I agree with Ilya that people are afraid of money, and it’s a paralyzing epidemic.
He had a good point he was making, and then he went ahead and mucked it up with App.net as an example of an alternative, and that’s when I realized that even he missed his own point.
This whole arguement is a red herring for real problems and, not shockingly, the solution is a misdirection just the same.
App.net “customers” bought a pledge, a promise, a dream of what “could be”. Not something that relieves pain. Not something that will make them their $50 back or more. And definitely not $4.16/month worth of either.
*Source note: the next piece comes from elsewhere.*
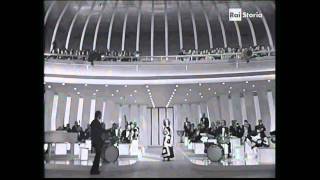 Iva Zanicchi  Fantasia musicale Teatro 10 1971 [upl. by Enneyehc]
Watching arguments about what App.net is or isn’t, what it represents and if it’s going to succeed or fail reminds me of the scene in Batman Forever when Chase Meridian tells Bruce Wayne that the Rorschach blot on her wall isn’t an image of a bat; she explains that it’s nothing more than an ink blot, and that people see what they want to see.
“Do you have a thing for bats, Mr Wayne?”
People assume that whatever they see in the ink blot is what the artist intended when in fact…it’s just a blot, and their mind tricks them into thinking their perceptions are accurate.
App.net is a fascinatingly similar Rorschach test on the community surrounding it. It’s a mirror, it reflects back to them what they want and care about. And people are spending $50, $100, & $1000 at a time based on what they believe the creator intends to do. Dalton has stated his intentions, to a point, but most of the 3rd party discussion has turned to speculation.
My hunch is that some customers will end up getting their $50 worth in the fact that they got to be a part of the story - which is the closest thing to real value being sold. The rest won’t, and year 2 of revenue ends up being…well…not quite so shiny.
This fairy-tale carriage has a pumpkin-like future.
Dalton certainly marketed something to the pains that people think they have, but I’m dubious of the reality of those pains. It’s sympathy pains - the vast majority of the App.net backers have never been screwed by Twitter but they fear being screwed.
I don’t think Dalton has learned much from his mistakes of the past, except the pain of riding a media frenzy. And maybe worse, “startup mania” is just as much of a distraction from its own well being than its ever been.
By the way, I put my $50 in out of pure morbid curiosity of what’s under the hood. In retrospect, I should’ve donated to a charity.